Przestań się krytykować. A co jeśli to wieloletni nawyk, nabyty dawno, dawno temu w dzieciństwie? Co jeśli w ogóle nie znamy świata, gdzie ludzie się nie krytykują?

„Jeśli nie będę się krytykować, jak mam się zmienić na lepsze?” – A ile lat już się krytykujesz? I jak ci to zmienianie się na lepsze poszło? Pomogło się zmienić? Może poprawiło coś innego? 

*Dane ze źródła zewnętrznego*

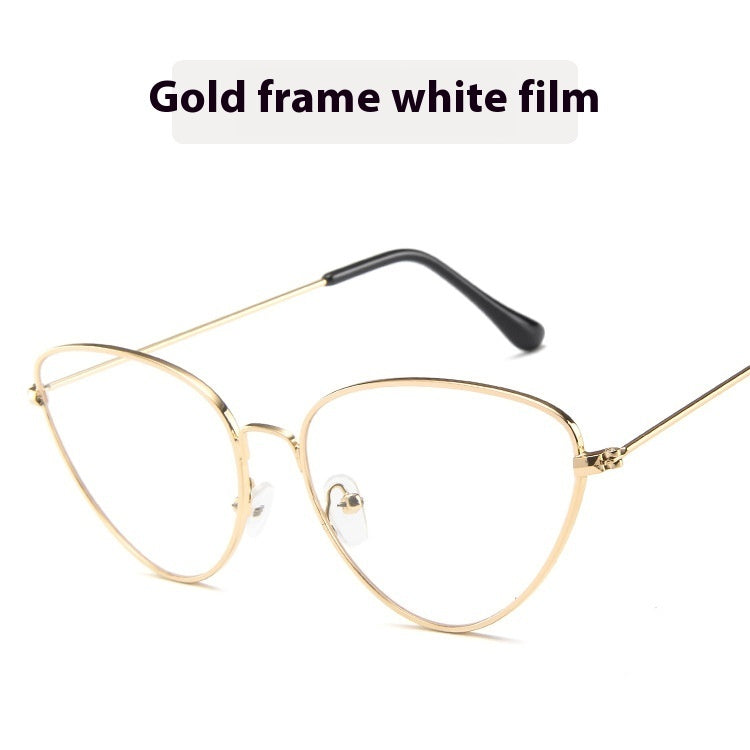 Cat's Eye Plain Glasses Retro Metal Optical Frame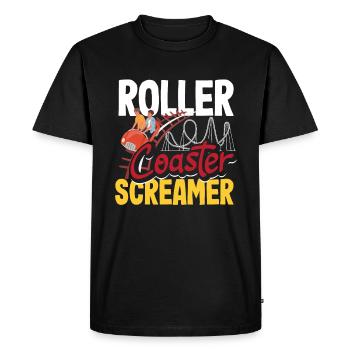 Roller Coaster Screaming Adventure - Men's Premium Organic T-Shirt - black - Front - Nico (187cm)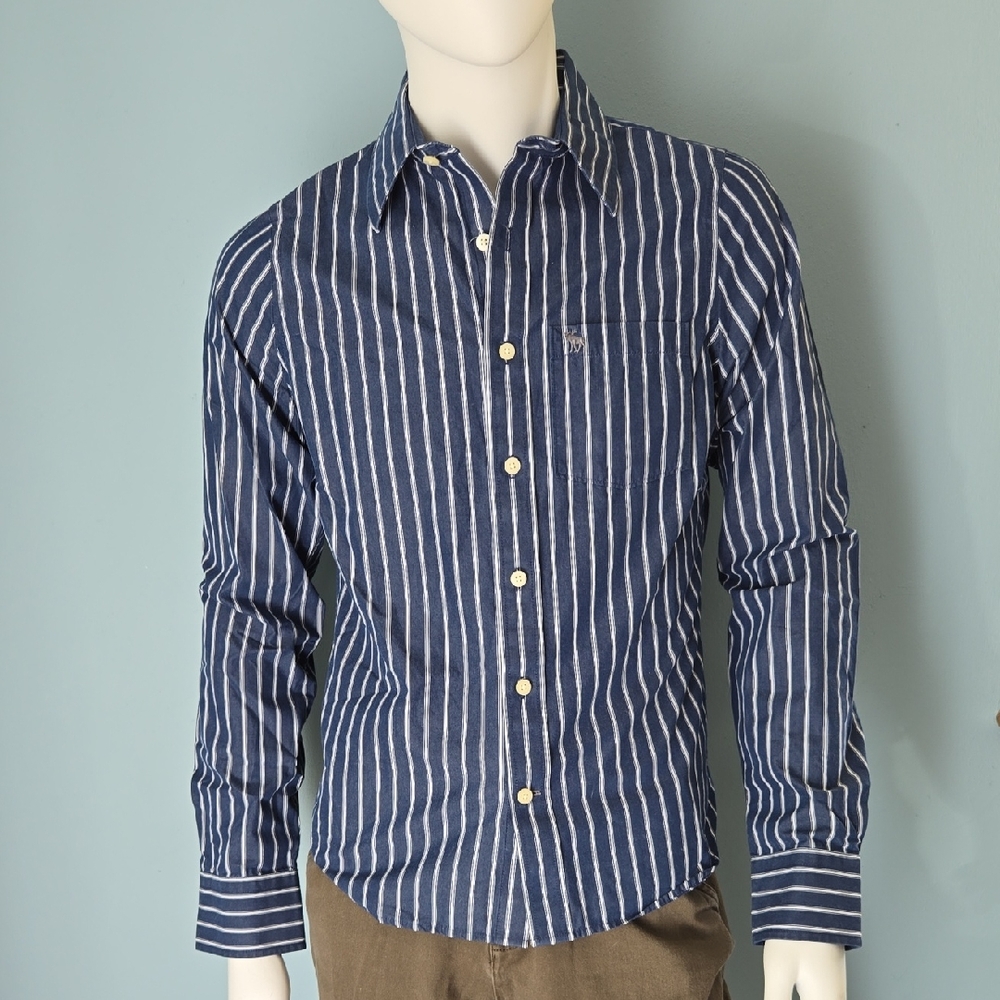 Abercrombie & Fitch Navy Striped Button Down Shirt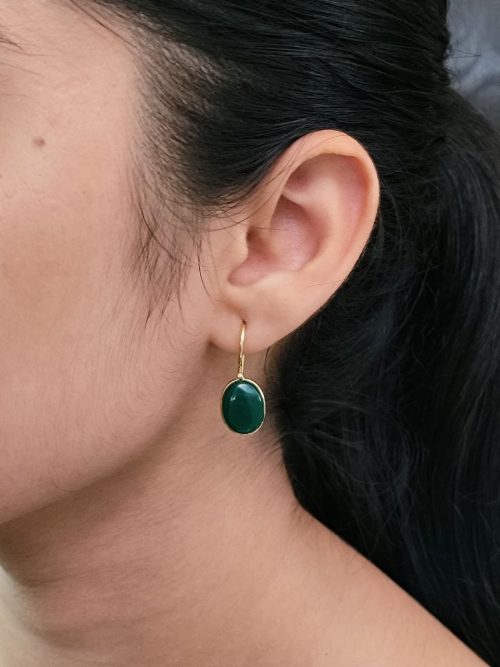 Gold plated geometric stone hook earrings for daily wear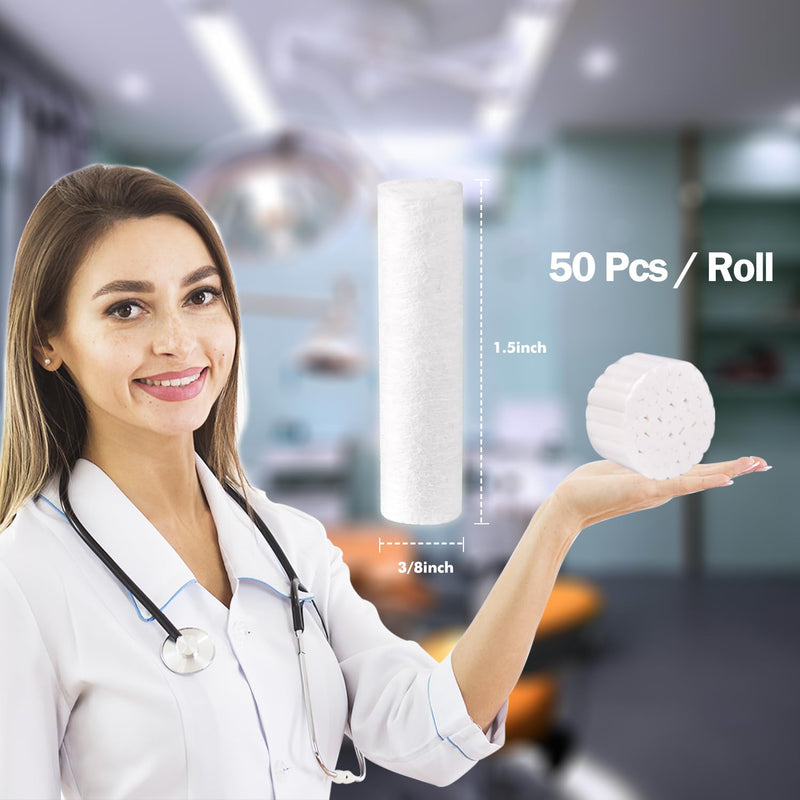 [Australia - AusPower] - Disposable Cotton Rolls 1000 Rolls of White Non-Sterile Cotton Pads 100% Cotton Mouth Rolls Soft and Absorbent Nose Plugs for Kids and Adults 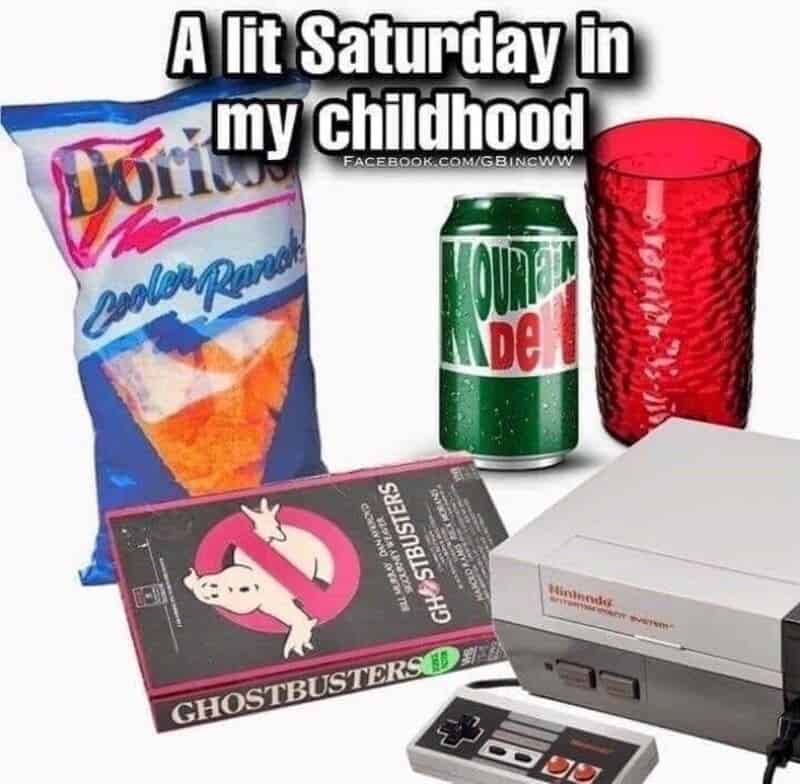 A nostalgia meme celebrating the ultimate weekend aesthetic titled "A lit Saturday in my childhood", displaying crisp product cutouts of a retro 90s Doritos Cooler Ranch bag, a vintage Mountain Dew can, a textured red Pizza Hut plastic cup, a Ghostbusters VHS tape, and an original NES console.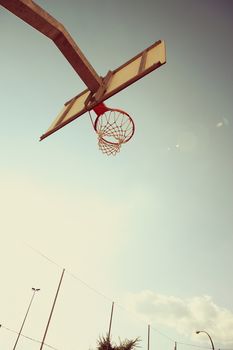  Basketball hoop against blue sky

Może zamiast tego spróbuj być dla siebie wyrozumiałym. O nie, to nie jest proste, ja wiem. Dla mnie, nie jest to proste. I zdecydowanie nie mam dla Was a-b-c wskazówek, JAK się przestać krytykować. Ale powiem Wam co mi pomogło. Pomogła intencja. „Jestem gotowa pozbyć się wzorca myślowego, który tkwi w mojej świadomości i który przyczynia się do tego, że krytykuję się, zamiast się rozumieć, kochać i akceptować”. W momencie, jak wyraziłam taką intencję, zaczęły się dziać rzeczy. Przede wszystkim zaczęłam zauważać momenty, kiedy mam największe tendencje do krytykowania siebie. Zaczęłam się im przyglądać. I delikatnie próbować myśleć inaczej. Nie karać się za „błędne” decyzje dodatkowo, przez odbieranie sobie mojego własnego wsparcia (i krytykowanie), tylko pobudzałam w sobie tą wyrozumiałość.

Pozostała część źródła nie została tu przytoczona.